I met up with Mary Beard, Classics professor and blogger, doing duty as a guide for visitors. I asked for her three favourite pieces. She picked out a vase with the eponymous painting by the Pig Painter, now recognised as one of the painters of the 5th century Attic workshops, that possibly depicts Odysseus arriving home in Ithaca and meeting up with the swineherd Eumaeus. Another favourite was a drinking cup by the Nikosthenes painter, where the genitalia had been altered in the 18th century. Most such alterations were done to conceal the genitalia, but this one was the reverse. For some reason, the Attic vase painter had failed to paint in the usual details, so an 18th-century ‘improver’ had done it for him. However, the ink has since decayed, and now the alterations are all too blatant! For her third choice, Mary pointed out a dilapidated caryatid from Eleusis. It had stood in the middle of a dung heap until it was found by the explorer E D Clarke in 1801, who thought he had discovered the cult statue of the temple at Eleusis. The locals believed it brought them good luck and fertility but that it needed to be kept covered with dung if their fields were to prosper. Clarke finally succeeded in bringing it to Cambridge, where it was identified as, not a cult statue at all, but rather one of the sculptured architectural supports from the temple — and a rather battered one, at that.

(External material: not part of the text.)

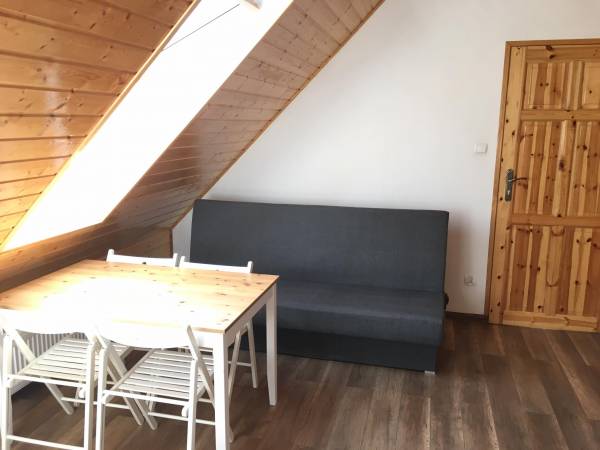 apartament 4os. na piętrze, widok na plac zabaw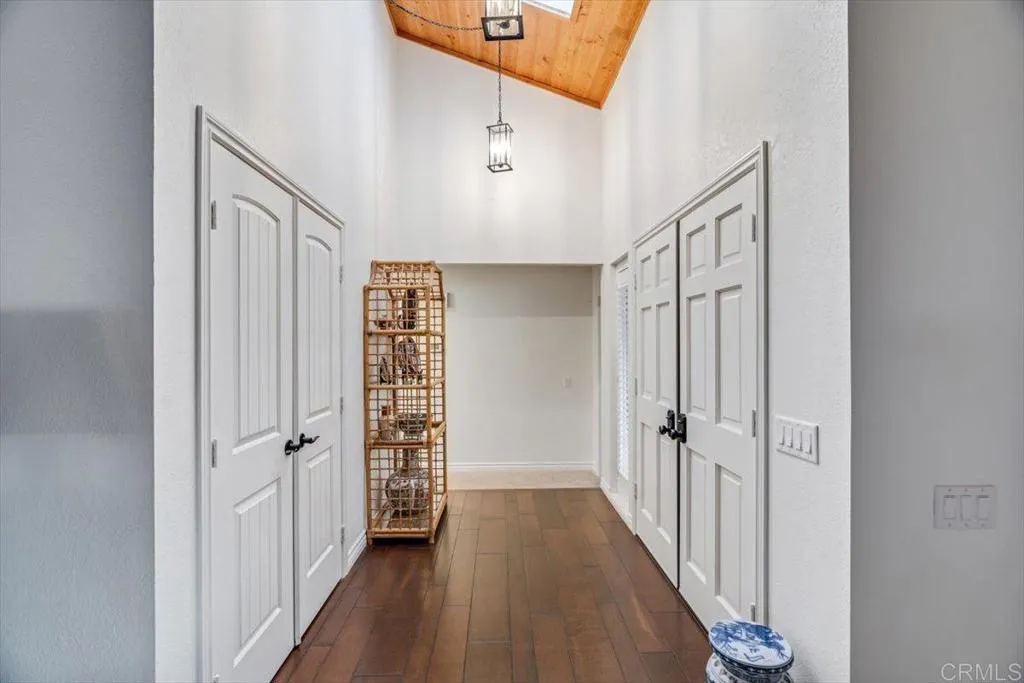 13815 Hilldale Road, Valley Center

I also asked Lucilla Burn, the Keeper of Antiquities, for her favourite object and she pointed out a Roman ‘Swiss Army’ knife. I have never seen such an elaborate example. Admittedly, the blade was merely a rusted mass of iron but the rest was of silver and well preserved: it also had a spoon, a fork, a spike, a spatula and a tooth pick — though, alas, no instrument for taking the stones out of horses’ hooves. Then, to my delight, I also found a case devoted to finds from the temple of Artemis Orthia at Sparta. This was one of the most important excavations of the early 20th century, and uncovered a huge number of coarse lead figurines that had been offered to the goddess. They date to the 8th or 7th century BC, and provide evidence that at this time Sparta was a ‘normal’ Greek city with artistic talent equal to the best. It was only later in the 6th and 5th centuries BC that Sparta suddenly gave up its artistic bent and became a grim totalitarian state. I have very heretical idea about Sparta which you can find hidden away on www.civilisation.org.uk/Sparta, so I was very pleased to see some of the original pieces that support my heresy.

It is a nice collection, well displayed with good lighting, and set in a wonderful classical building. I decided that despite my prejudices, I quite liked the Fitzwilliam after all!